Overview of Experiment

In today's lab, you analyze the PCR reactions for the colony screen and the fragment for assembly on an agarose gel. After confirming that you have product for amplification of the kanamycin resistance cassette, you clean-up the PCR product and perform isothermal assembly.

Agarose gel analysis of PCR products

  1. Prepare a mini 1% agarose gel with two 8-well combs (use ~40 ml molten agarose) as on Day 2 [pour one gel per pair]
  2. Preparation of PCR samples:
    a. Spot 2 µl 6X loading buffer (LB) on a piece of parafilm (one spot for each PCR sample)
    b. Using a sterile pipet tip, make a hole in the center of the paraffin wax overlay in the PCR tube; use a fresh tip for each tube
    c. Insert a fresh tip through the hole and remove 10 µl from the 1st PCR tube, mix it with one spot of 6X LB by pipetting up and down, and load the sample into the well
    d. Repeat procedure for each PCR reaction
  3. Load 10 µl NEB Quick-Load 1 kb DNA Ladder
  4. Run the gel at 130 V for 20 minutes
  5. Photograph the gel and compare the observed bands to the standards
    • Did you get the expected size products?
    • Estimate the PCR yield by comparing the intensity of ethidium bromide staining of the products to the standards
Expected products:

Purification of PCR Fragment for Assembly

After confirming that you have product, clean-up PCR reaction with a DNA Clean & Concentrator-5™ Kit (Zymo Research Corp., Orange, CA); elute DNA in 10 µl 10 mM Tris-HCl, pH 8.5, 0.1 mM EDTA.

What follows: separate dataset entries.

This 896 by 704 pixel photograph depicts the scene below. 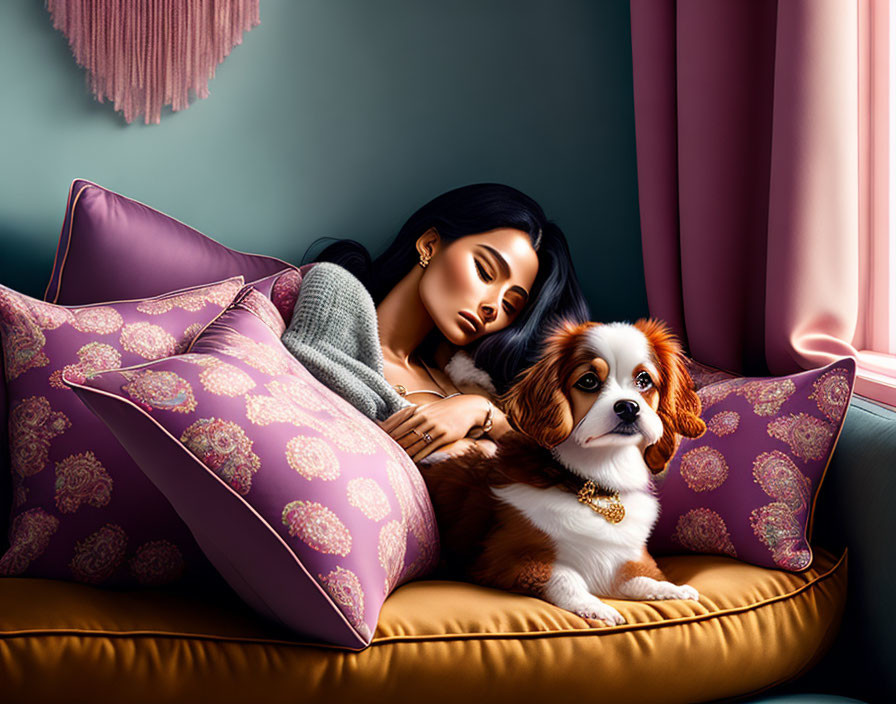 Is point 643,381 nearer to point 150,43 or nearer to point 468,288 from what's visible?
point 468,288

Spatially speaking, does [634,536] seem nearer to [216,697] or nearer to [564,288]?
[216,697]

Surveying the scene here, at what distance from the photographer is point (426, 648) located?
74 cm

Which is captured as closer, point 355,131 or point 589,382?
point 589,382

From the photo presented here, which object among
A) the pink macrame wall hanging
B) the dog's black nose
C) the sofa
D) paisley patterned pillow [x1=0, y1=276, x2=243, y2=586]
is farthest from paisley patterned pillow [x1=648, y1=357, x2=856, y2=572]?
the pink macrame wall hanging

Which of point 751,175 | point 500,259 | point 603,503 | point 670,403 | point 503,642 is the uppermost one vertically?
point 751,175

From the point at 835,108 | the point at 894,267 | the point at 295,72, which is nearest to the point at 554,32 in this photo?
the point at 295,72

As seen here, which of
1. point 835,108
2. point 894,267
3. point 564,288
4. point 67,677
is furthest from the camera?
point 564,288

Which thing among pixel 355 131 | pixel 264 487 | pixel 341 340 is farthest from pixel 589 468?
pixel 355 131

Estimation of DNA Amounts by Intensity of Ethidium Bromide Fluorescence

If a DNA sample is too dilute to measure at 260 nm or is contaminated with other compounds that absorb in the UV range, the amount of DNA present can be estimated from the intensity of ethidium bromide fluorescence. Since the amount of DNA in a solution is proportional to the fluorescence emitted by ethidium bromide, the DNA quantity in an "unknown" solution can be estimated by comparing its level of fluorescence with the intensity of known amounts of DNA.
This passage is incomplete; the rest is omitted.